I think fibers (or, rather, the Async library) in Ruby tends to be fetishized by junior Rails engineers who don't realize higher level thread coordination issues (connection pools, etc) equally apply to fibers. That said this could be a pretty good use case for fibers -- the code base I use every day has ~230 gems and if you can peel off the actual IO bound installation of all those into non-blocking calls, you would see a meaningful performance difference vs spinning up threads and context switching between them.

What I would do to really squeeze the rest out in pure ruby (bear in mind I’ve been away about a decade so there _might be_ new bits but nothing meaningful as far as I know): Use a cheaper to parse index format (the gists I wrote years ago cover this: https://gist.github.com/raggi/4957402) Use threads for the initial archive downloads (this is just io, and you want to reuse some caches like the index) Use a few forks for the unpacking and post install steps (because these have unpredictable concurrency behaviors)

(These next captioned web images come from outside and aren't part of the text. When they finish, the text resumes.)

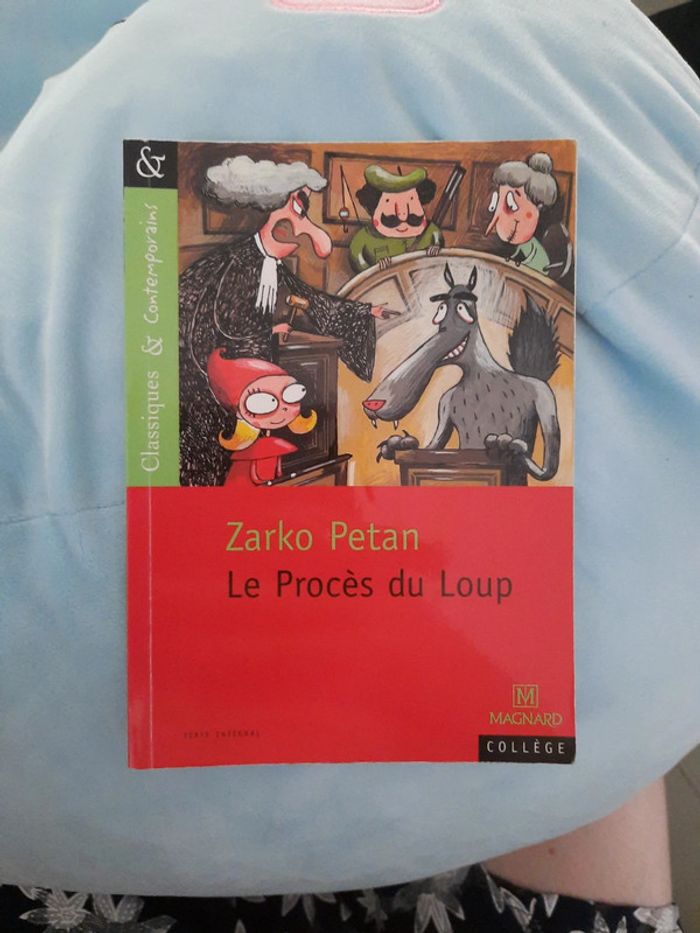 Le procès du loup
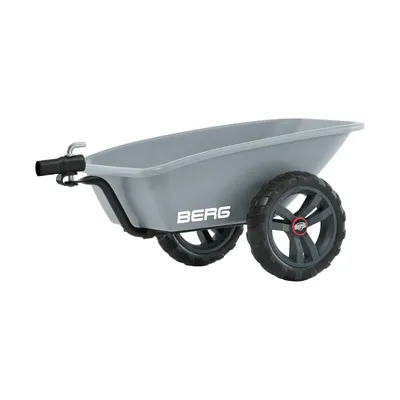 BERG Trailer S Anhänger – Grau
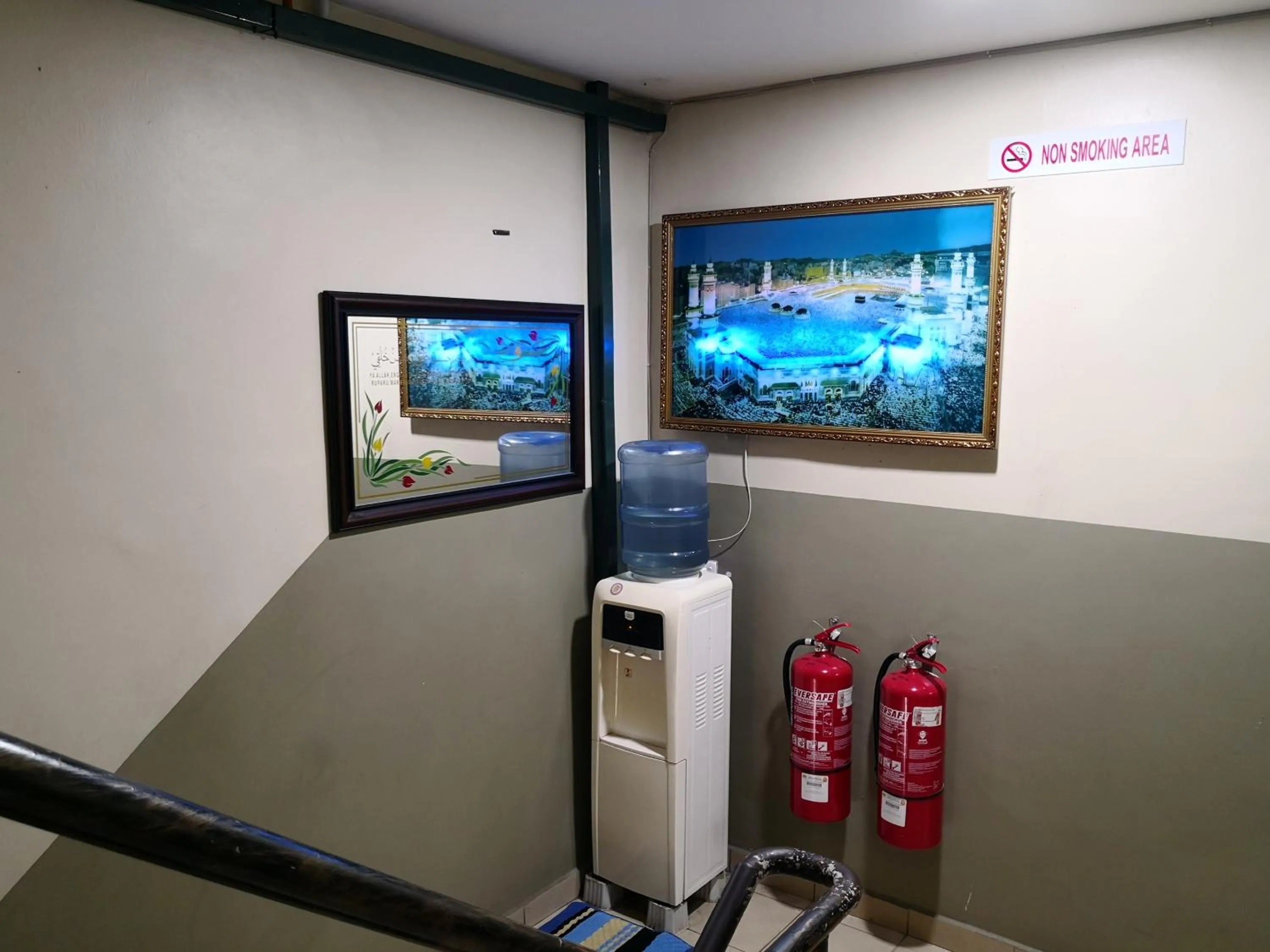 Property building in Kristal Inn Hotel Shah Alam 2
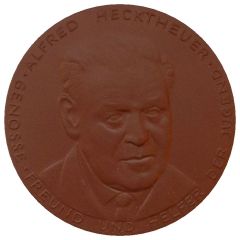 Medal - VEB BMK Coal and Energy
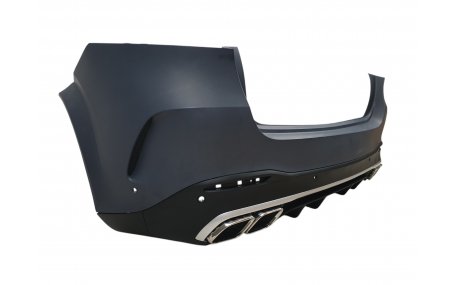 Бампер задний Mercedes GLE-Class V167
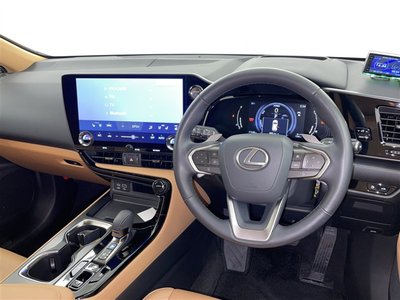 LEXUS NX - 8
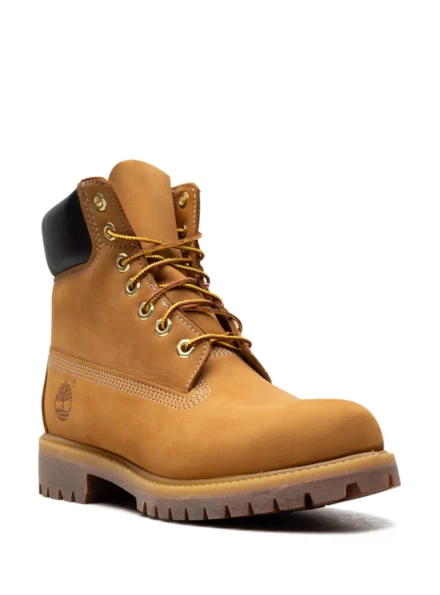 Home 17 Timberland 6 Inch "Brown" Boots
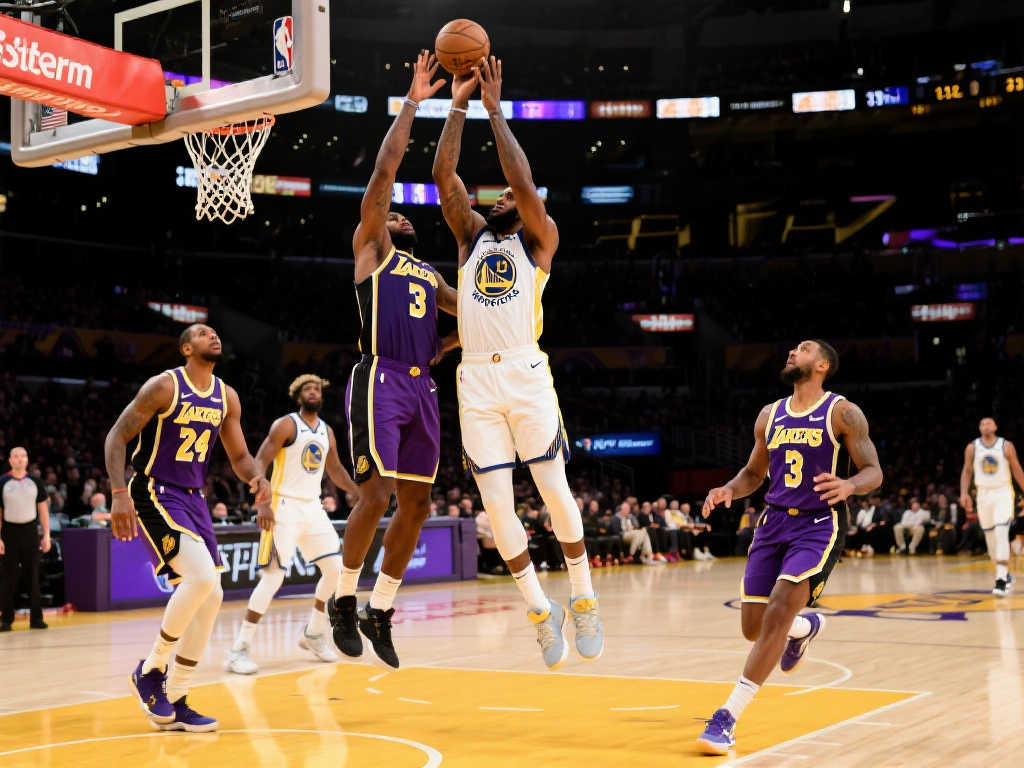 静雨:残阵勇士斗志完胜完整湖人,湖人战斗力令人失望 静雨:残阵勇士斗志完胜完整湖人,湖人战斗力令人失望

  • > there _might be_ new bits but nothing meaningful as far as I know

    If you didn't need backwards compatibility with older rubies you could use Ractors in lieu of forks and not have to IPC between the two and have cleaner communication channels. I can peg all the cores on my machine with a simple Ractor pool doing simple computation, which feels like a miracle as a Ruby old head. Bundler could get away with creating their own Ractor safe installer pool which would be cool as it'd be the first large scale use of Ractors that I know of.